North Pack Monadnock is a modest summit but the hike up the mountain is rewarding experience, with great views from the summit on the surrounding wooded hills of New Hampshire.

If you are looking for a reasonably challenging hike to get back in shape before more arduous climbs, look no further than North Pack Monadnock. Compared to nearby Mount Monadnock, the hike up North Pack is relatively easy, but the trail is steep in some places and will give you the flavor of longer hikes in the White Mountains: a consistently ascending trail under pine trees and birches, nice views and places to rest along the way, and a rewarding summit experience.

The hike itself, which is using part of the Wapack Trail, is relatively short: the 3-mile round trip will take less than 2 hours if you are in good shape, but it will be tough to resist spending more time on the mountain to soak in the views and maybe continuing on Cliff Trail, beyond the large cairn that materializes the North Pack summit. Overall, you can easily spend an entire day there if you bring your lunch and hike at a comfortable pace. The summit itself is a good place for a snack or a picnic, with large, flat rocks to rest.

The only map available is the one displayed at the trailhead information board, but it is virtually impossible to get lost on the trail: from the parking lot, follow the yellow triangles signaling the trail on the left side of the road (sign for Wapack trail on the tree to the right of the trail); there is no intersection along the way.

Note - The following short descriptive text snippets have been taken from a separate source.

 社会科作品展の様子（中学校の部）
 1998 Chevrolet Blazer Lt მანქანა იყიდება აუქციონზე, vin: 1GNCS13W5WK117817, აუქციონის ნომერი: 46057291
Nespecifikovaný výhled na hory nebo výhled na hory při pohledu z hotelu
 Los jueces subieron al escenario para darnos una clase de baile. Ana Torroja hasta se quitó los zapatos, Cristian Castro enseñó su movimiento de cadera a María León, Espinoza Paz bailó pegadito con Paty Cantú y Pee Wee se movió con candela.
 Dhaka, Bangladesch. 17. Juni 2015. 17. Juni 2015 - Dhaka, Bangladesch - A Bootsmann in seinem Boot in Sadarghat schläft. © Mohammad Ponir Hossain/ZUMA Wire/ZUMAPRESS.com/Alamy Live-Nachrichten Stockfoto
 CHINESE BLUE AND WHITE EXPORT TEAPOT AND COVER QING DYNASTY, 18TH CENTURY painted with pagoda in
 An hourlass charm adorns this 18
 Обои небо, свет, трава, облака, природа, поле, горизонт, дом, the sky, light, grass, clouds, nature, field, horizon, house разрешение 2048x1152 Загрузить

The hike is mostly under the shade of trees, but some sections, including the summit, are exposed to the sun, and it is wise to bring a cap in summer; conversely, the wind can blow hard in any season, and a windproof jacket may make your experience at the top more enjoyable if you ascend on a windy day.

If you are tempted by the sign at the trailhead for Mount Monadnock (more than 7 miles round trip from the parking lot), the best option is to come back another day and ascend Mount Monadnock from its base: check the Big One at Mount Monadnock and the direct route to Mount Monadnock. Both hikes are more challenging and will require some scrambling on rocks and boulders.